If you’ve been a regular reader of this column over previous months you’ll be pretty well armed with the theory to implement effective B2B data-driven programmes. We’ve talked about the principles and best practice in B2B lead generation, hopefully demonstrating that all programmes need to start with insight, and that insight requires data.
I’ve shown that insight delivers understanding of who customers and prospects are, what propositions to talk to them about, how to talk to them, the value they are likely to represent to you and thus, what to invest to acquire or retain them.
Your investment in data and insight therefore provides much, much more than a targeting model. It actually provides you with the framework within which to plan all marketing programme activity creating a context for media and channel planning and the ability to measure at all stages. It provides information for proposition development, for messaging, for tone, for brand support and more.
‘Who’s doing this well in B2B?’ is the question that often follows one of my evangelising sessions to new customers and prospects.
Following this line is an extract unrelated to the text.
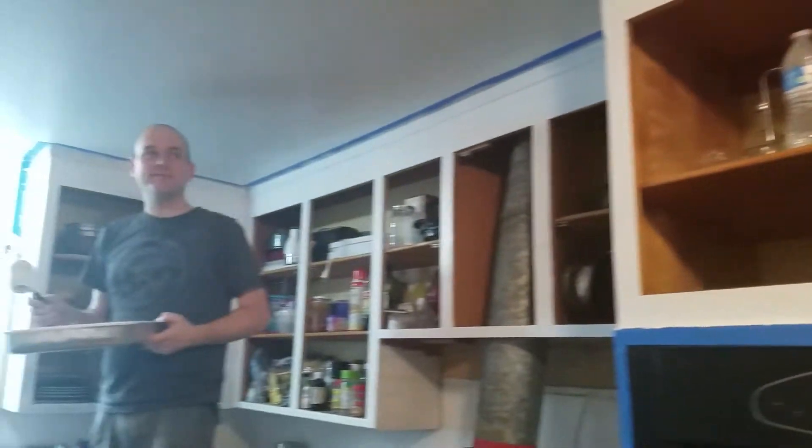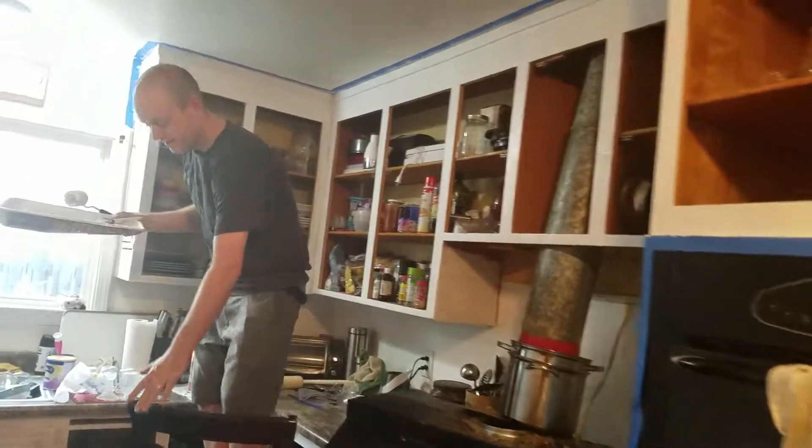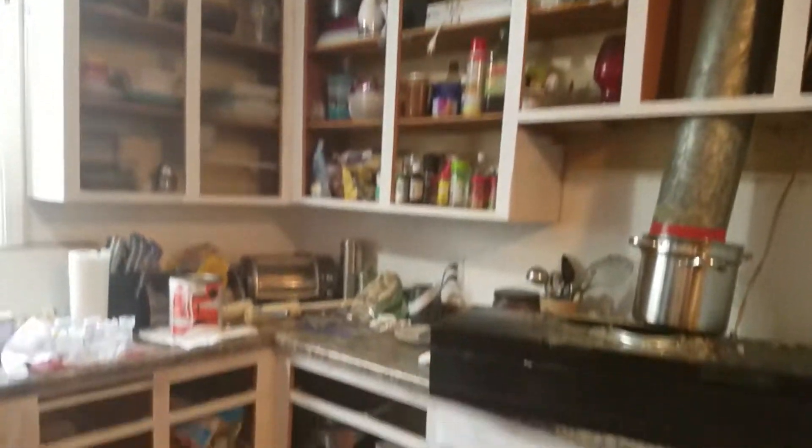Do you have any before pictures of this? Because it's going to look way cooler. Yeah, on the Redfin website. Redfin? It's not on there anymore. I'm sure we have photos somewhere.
Outside of Information Art’s customers I’m unable to answer I don’t know, because in truth there’s little evidence of anyone else doing it well.
I’ve no doubt that there are lots of companies developing models and doing lots of analysis but too often it’s apparent that the thinking is not joined up. It’s also clear that there’s no context for implementing these various pieces of work at a customer level, it’s product focused and therefore little real traction is gained from these efforts.
Reinforcing this is the fact that there is little real evidence of commitment from corporate boards to putting the customer at the heart of all the company’s activities (which actually is the big issue that we’ll come back to another time). Anyway, so far I’ve made the case from a data perspective and I want to lighten the mood a little and talk a little about the execution-end of the programme.
What I really mean is why is most B2B creative and copy so bland and boring? There may well be exceptions, but none springs to mind and as a small business person myself (I mean as a normal sized director of a small business) I see bags of direct mail (and spam) everyday. It interests me from an industry perspective to see who’s mailing what but I couldn’t really blame anyone for binning most of it without reading. It’s designed to bore.
Which readers have seen any of these creative treatments?
- two people in suits shaking hands
- a briefcase
- a computer
- a mobile phone/iPod
Alternatively, most will have received a letter starting:
in today’s global economy…
as a small business owner…
as a busy small business owner…
we understand what it’s like to be a busy small business owner…
Copy tends to be spattered with bamboozling technical jargon, the over liberal use of the word ‘strategic’ (okay, I do that too!) and written in some strange formal ‘business talk’ that no one (other than Cap Gemini consultants) actually really use at all in their day-to-day working lives.
It’s as if the copywriters imagine that we human beings running these small businesses somehow shed a persona as we exit our homes everyday and swap it for a business persona as we enter our offices, shops and factories. That may have been the case 30 years ago, but times have changed.
The fact is of course that we the customers’ are just like them (the copywriters). We share the same emotions and values, we probably want most of the same things, and we’d like someone to talk to us in a normal way and without using all of the usual clichés.
The serious point of course is that differentiation in many B2B categories of spend is very difficult. Many products and services are viewed as commodity, small business people don’t want to spend money for the sake of it and it’s actually pretty hard to get excited about the thought of switching suppliers.
No one running a business jumps out of bed in the morning thinking ‘Yippee, I’m going to change my electricity supplier today!’
So achieving cut-through is hard but critical if you want to get away from the self-fulfilling short game of ‘we can beat your current supplier on price’.
I’m not talking about whacky for the sake of it. I’m talking about distinctive, brave communications, with relevant and appropriate imagery and messaging. This should be aligned to a business cycle and engaging with all of the insights that data can provide, referencing the things that small business people really think about.
But what do small business people really think about? Oh well, back to data.